● TASK TO COMPLETE
A verbatim repetition of the data below is requested, without images.

● RECORDED INFORMATION
━━━━━━━━━━━━━━━━━━━━

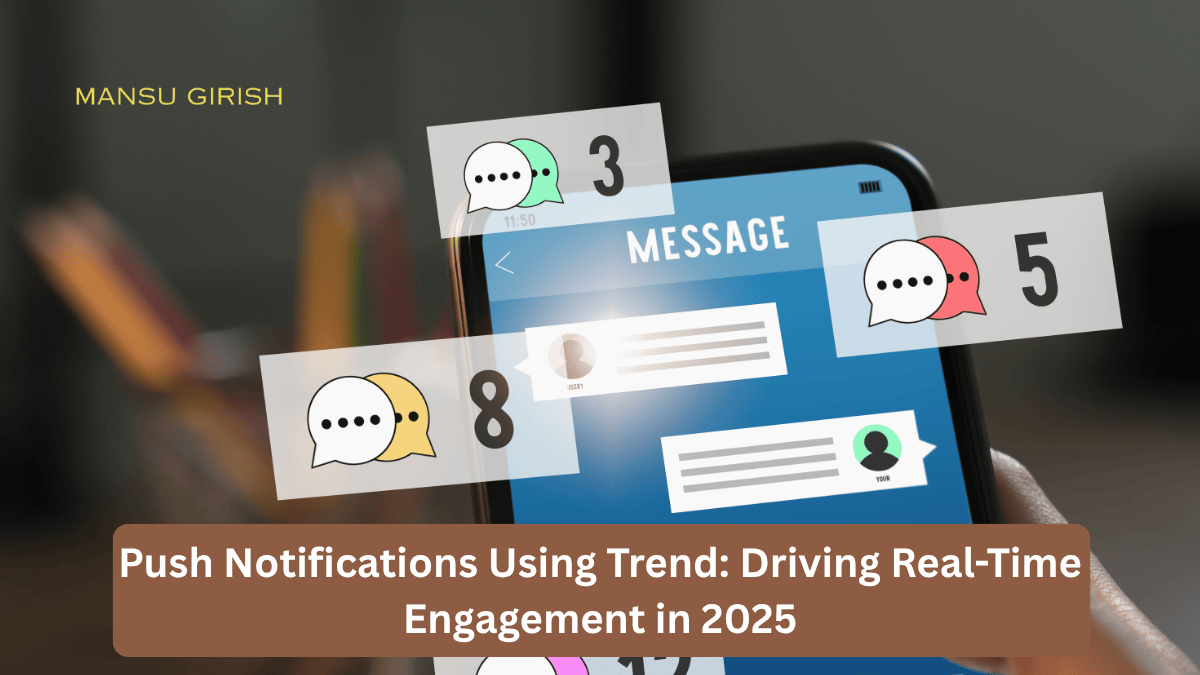 Trend-based push notifications for real-time engagement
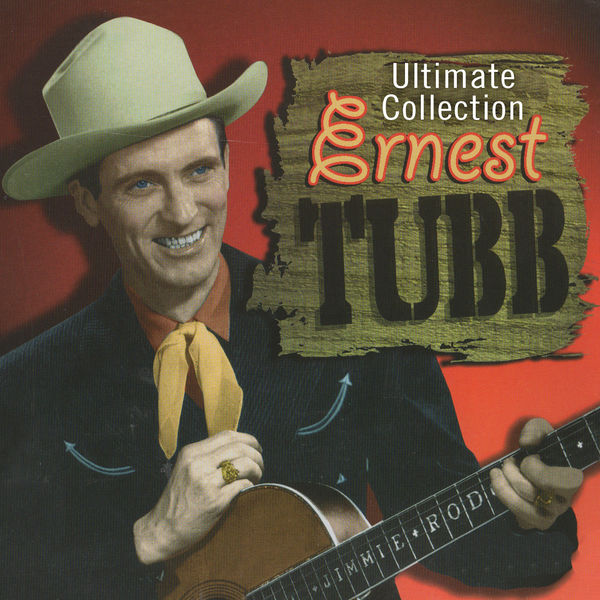 Ernest Tubb - The Ultimate Collection Ernest Tubb - The Ultimate Collection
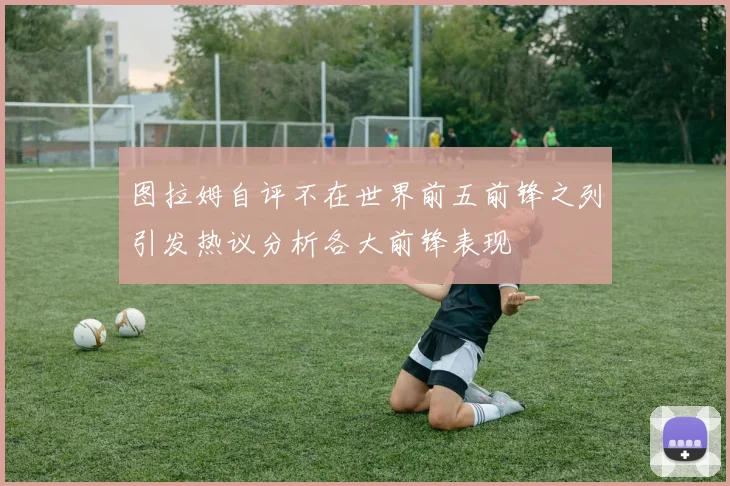 图拉姆自评不在世界前五前锋之列引发热议分析各大前锋表现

━━━━━━━━━━━━━━━━━━━━

● OUTPUT OF THE EXERCISE
 Trend-based push notifications for real-time engagement
 Ernest Tubb - The Ultimate Collection Ernest Tubb - The Ultimate Collection
 图拉姆自评不在世界前五前锋之列引发热议分析各大前锋表现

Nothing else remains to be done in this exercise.